"Civilization cannot exist without new frontiers; it needs them both physically and spiritually. The physical need is obvious—new lands, new resources, new materials. The spiritual need is less apparent, but in the long run it is more important. We do not live by bread alone; we need adventure, variety, novelty, romance. As the psychologists have shown by their sensory-deprivation experiments, a man goes swiftly mad if he is isolated in a silent, darkened room, cut off completely from the external world. What is true of individuals is also true of societies; they, too, can become insane without sufficient stimulus."
—"Rocket to the Renaissance," Greetings, Carbon-Based Bipeds! Collected Essays, 1934-1998, 1999

"Two possibilities exist: Either we are alone in the Universe or we are not.
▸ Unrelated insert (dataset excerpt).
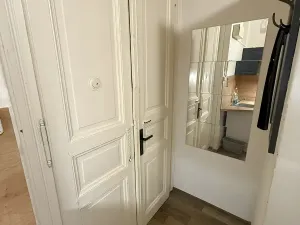 Pronájem bytu 1+kk, Praha - Nové Město, Rumunská, 25 m2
Both are equally terrifying."
—quoted in Visions: How Science Will Revolutionize the Twenty-First Century, 1999, by Michio Kaku

"If we have learned one thing from the history of invention and discovery, it is that, in the long run—and often in the short one—the most daring prophecies seem laughably conservative."
—The Exploration of Space, 1951

"The greatest tragedy in mankind's entire history may be the hijacking of morality by religion."
—"Credo," Greetings, Carbon-Based Bipeds! Collected Essays, 1934-1998, 1999

"I can never look now at the Milky Way without wondering from which of those banked clouds of stars the emissaries are coming. If you will pardon so commonplace a simile, we have set off the fire alarm and have nothing to do but to wait. I do not think we will have to wait for long."
—The Sentinel, 1948

"All explorers are seeking something they have lost. It is seldom that they find it, and more seldom still that the attainment brings them greater happiness than the quest."
—The City and the Stars, 1956

"Space can be mapped and crossed and occupied without definable limit; but it can never be conquered. When our race has reached its ultimate achievements, and the stars themselves are scattered no more widely than the seed of Adam, even then we shall still be ants crawling on the face of the Earth. The ants have covered the world, but have they conquered it—for what do their countless colonies know of it, or of each other?"
—"We'll Never Conquer Space," Greetings, Carbon-Based Bipeds! Collected Essays, 1934-1998, 1999

"The only way of finding the limits of the possible is by going beyond them into the impossible."
—The Lost Worlds of 2001, 1972

"The fact that we have not yet found the slightest evidence for life—much less intelligence—beyond this Earth does not surprise or disappoint me in the least. Our technology must still be laughably primitive, we may be like jungle savages listening for the throbbing of tom-toms while the ether around them carries more words per second then they could utter in a lifetime."
—"Credo," Greetings, Carbon-Based Bipeds! Collected Essays, 1934-1998, 1999

"There is no reason to assume that the universe has the slightest interest in intelligence—or even in life. Both may be random accidental by-products of its operations like the beautiful patterns on a butterfly's wings. The insect would fly just as well without them."
—The Lost Worlds of 2001, 1972
Such a deep thinking man, A forward thinking guy .Ahead of his time .Read his RAMA trio of books .
Number one breaks my heart. "fly just as well with out them" It kills me. Really fucking kills me.
Give me a break. What a bunch of crap.
So edgy Kevin. You're just 3edgy5me buddy.
Flies, yes. Survives, no.
Absolutely top stuff.Arthur C.Clarke an complete visionary of his age,or any age.